Он, наверное, был единственным, кто помнил, что тут есть дверь, и уж точно единственным, кто приходил к этой двери постоять. Как это получалось - он и сам не понимал, просто под вечер он вдруг бросал играть и долго шел сначала по трепещущим аллеям, а потом - вбок через кусты, ориентируясь на запах одичавшей, мелкой, но очень сладкой малины, росшей сплошняком под самой стеной. Обнаружив деревянную дверь, он прижимался к ней ухом и стоял так сколько-то. Он понятия не имел, что там, за дверью, и ему не пришло бы в голову попытаться глянуть в одну из щелей, не говоря уже о том, чтобы открыть дверь, хотя она, конечно, была не заперта.
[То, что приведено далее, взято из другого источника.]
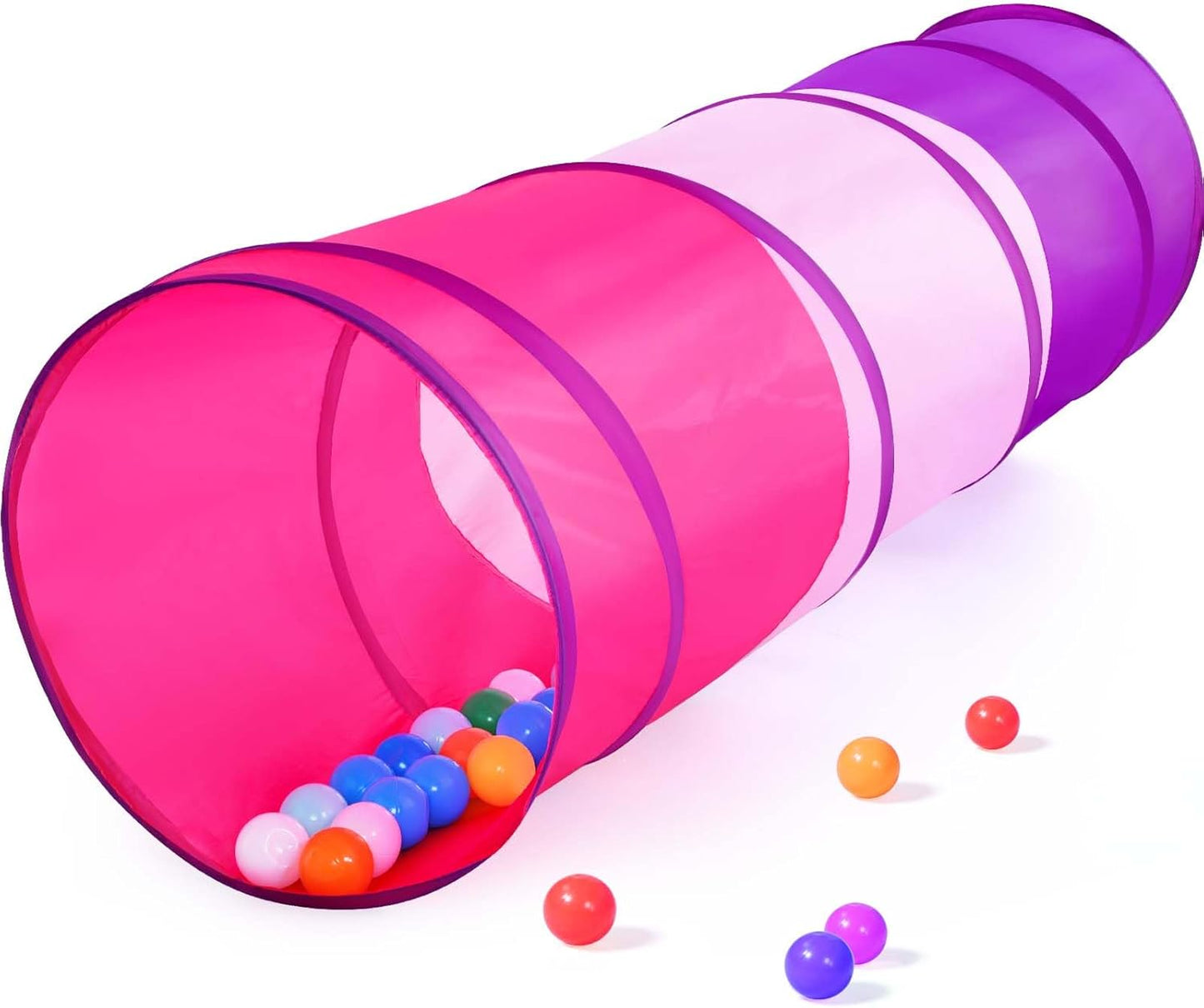 6-ft Colorful Kids Play Tunnel: Indoor/Outdoor Fun!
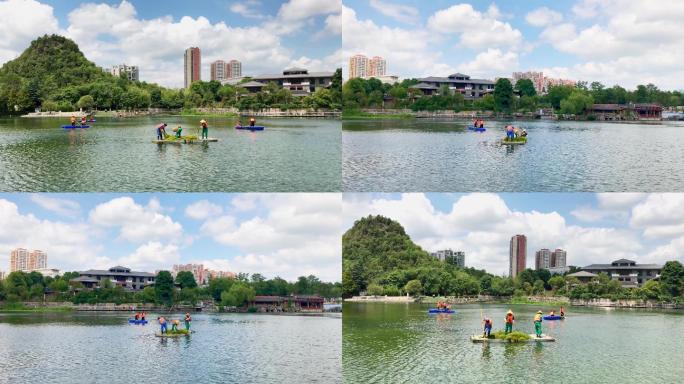 河道清理、绿化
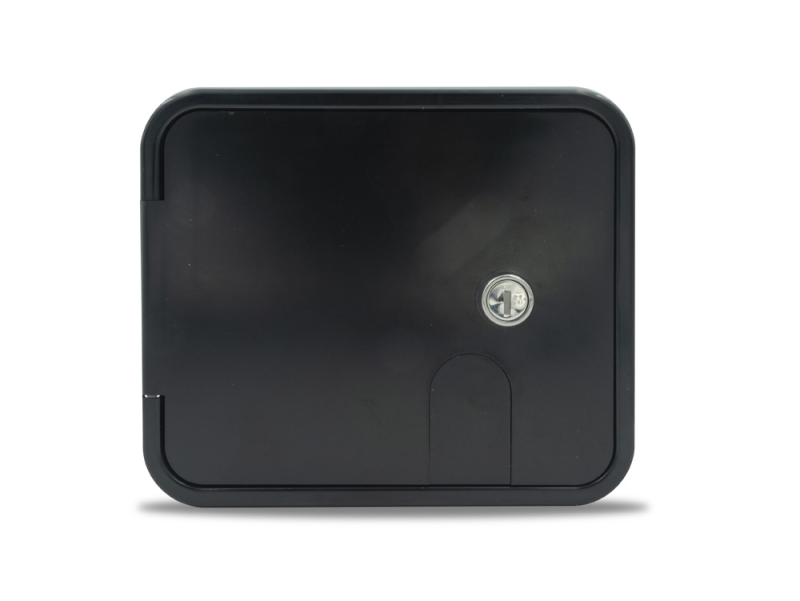 MEDIUM 30/50 AMP ELECTRIC CABLE HATCH - BLACK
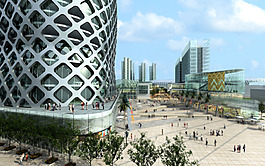 商業(yè)廣場(chǎng)景觀設(shè)計(jì)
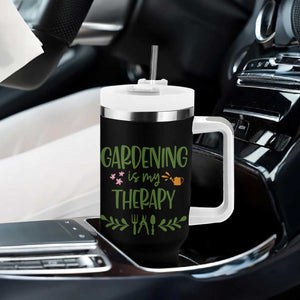 Gardening Is My Therapy Tumbler With Handle Funny Plant Lover TS12 Print Your Wear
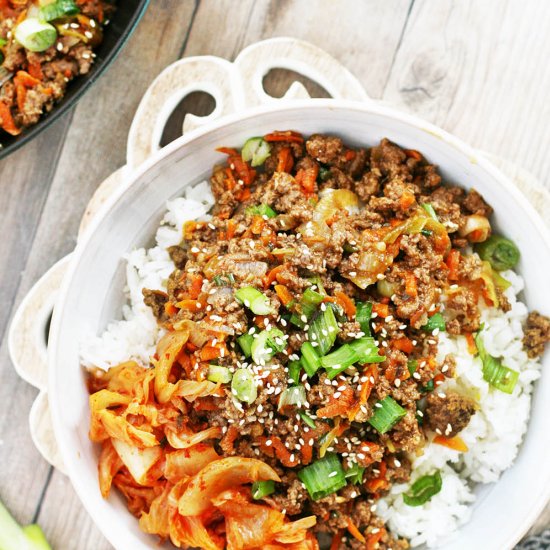 Korean Ground Beef Bowls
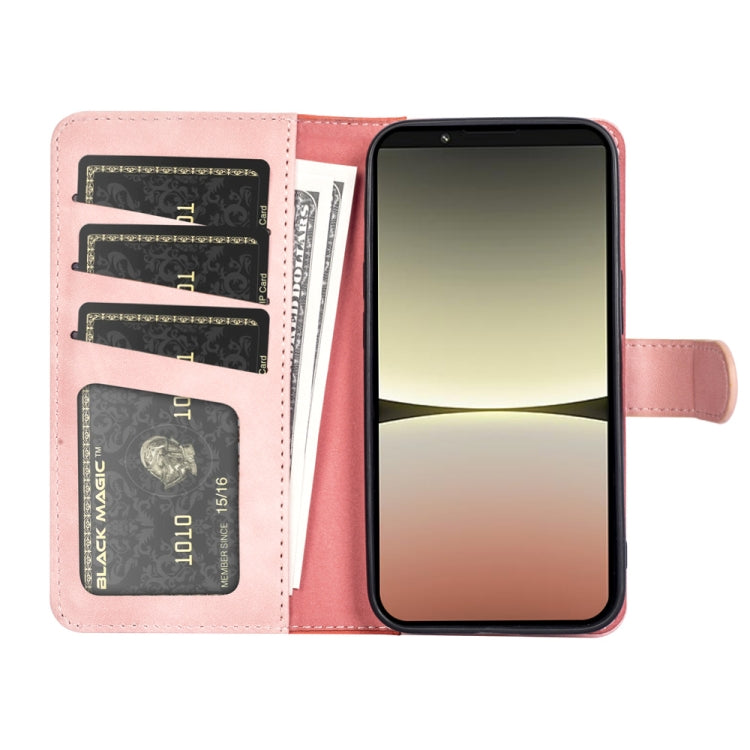 For Sony Xperia 5 IV Stitching Horizontal Flip Leather Phone Case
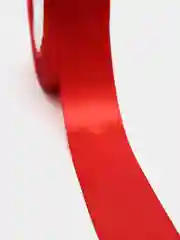 Красный лента атласная, 25 мм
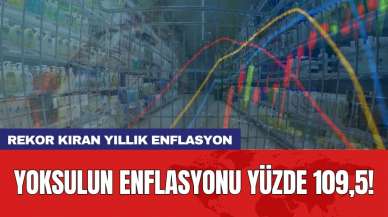 Rekor kıran yıllık enflasyon: Yoksulun enflasyonu yüzde 110!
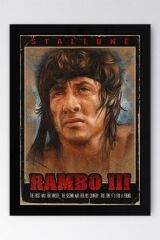 Rambo Çerçeveli Tablo - Rambo Fim Posteri Tablo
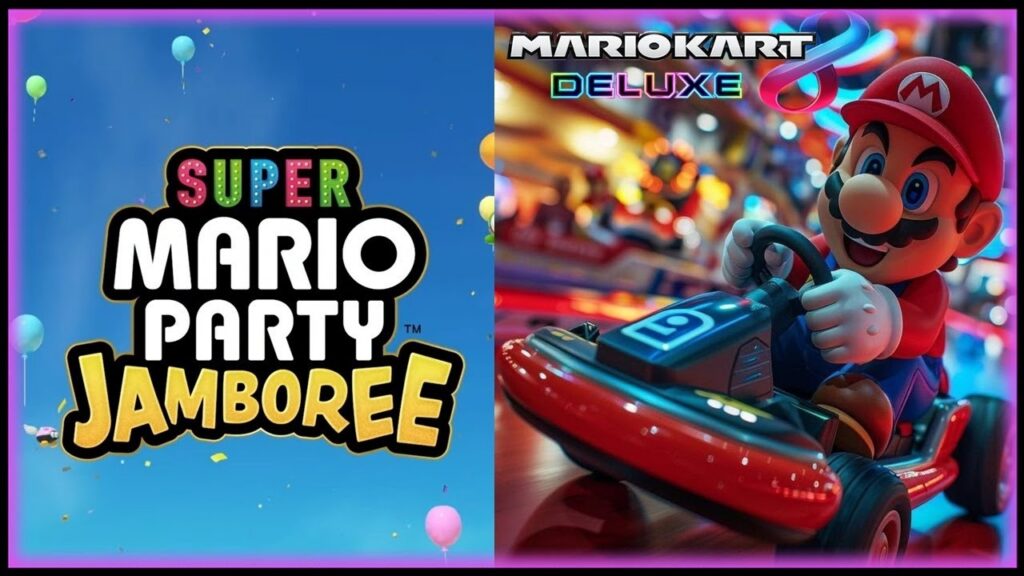 Super Mario Party Jamboree et Mario Kart 8 Deluxe : deux jeux de plateau et de course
Он, этот мальчик, просто приходил сюда по вечерам и стоял так несколько минут, слушал, как с той стороны что-то жужжит, ходят какие-то люди. Чаще всего их голоса приближались, на секунду становились отчетливыми, он разбирал слово или два, голоса удалялись. Некоторые стали знакомыми, но он не старался их различать, ему было неинтересно, ему просто нравилось стоять и слушать. Иногда с той стороны доносился очень вежливый мужской голос и спрашивал про "зеленую дверь". Видимо, никто не отвечал ему, мужчина говорил все громче, голос начинал дрожать, ускорялись шаги, - мужчина, кажется, бегал туда и сюда по тротуару. Один раз он слышал, как мужчину кто-то громко успокаивал, потом кто-то с кем-то боролся, мужчина плакал, потом плач стал удаляться; в следующие несколько дней или, может быть, месяцев он не слышал этого мужчину и не вспоминал о нем. Потом этот мужчина опять появился и стал приходить время от времени. Он спрашивал про зеленую дверь несколько вечеров подряд, все громче, шаги его звучали все быстрее; потом наступал вечер, приходили другие голоса, потом были борьба и плач, потом мужчина опять исчезал надолго. В этом не было ничего интересного, - ни в мужчине, ни в плаче, ни в голосах, и ему, мальчику, совершенно непонятно было, зачем этот мужчина приходит сюда по вечерам.

Он никогда об этом не задумывался. Дверь перекрасили в синий цвет сколько-то лет или месяцев назад, он не знал зачем. Лепреконы, которые красили дверь, научили его складывать из листьев малины и сигаретных бычков маленькие круглые корабли с музыкой и подвешивать их в воздухе.

Норушка

Он всегда пересаживался на шоферское кресло, а шофер уходил в сквер или, когда было холодно, забегал в полуподвальный гастроном, зажатый между двумя офисными особняками. Если бы он оставался сидеть на своем месте, его бы замучили все эти бесконечные старухи, трясущиеся тощие мужчины, одного из которых звали Тропарь, тихие местные синяки. Ему нужны были эти полчаса, он начинал думать про эти полчаса уже утром, как алкоголики (видимо) думают про свой глоток, залп. Его отпускало только на эти тридцать минут в день; они были его жадной фантазией, только на этой фантазии он и держался, а к больным как будто приходил не он, его голосом с ними разговаривал не он, что-то там писал не он, а некоторый внешний, окружающий его собою посторонний человек. Еще полгода назад он боялся, что этот человек напишет неправильное или забудет важное, а теперь уже не боялся, а просто спал, пока внешний человек его собственным голосом отгонял от кровати заполошную жену пациента, а потом шел мыть руки и нюхал в ванной удивительное, изумрудного цвета мыло, красиво выставленное на самой высокой (подальше от жадных рук) полочке. Сам же он был вроде гладкого, скользкого, бледного шара внутри внешнего человека, и до него сквозь сон доходили одни только приглушенные звуки внешнего мира, его слабая глухая дрожь.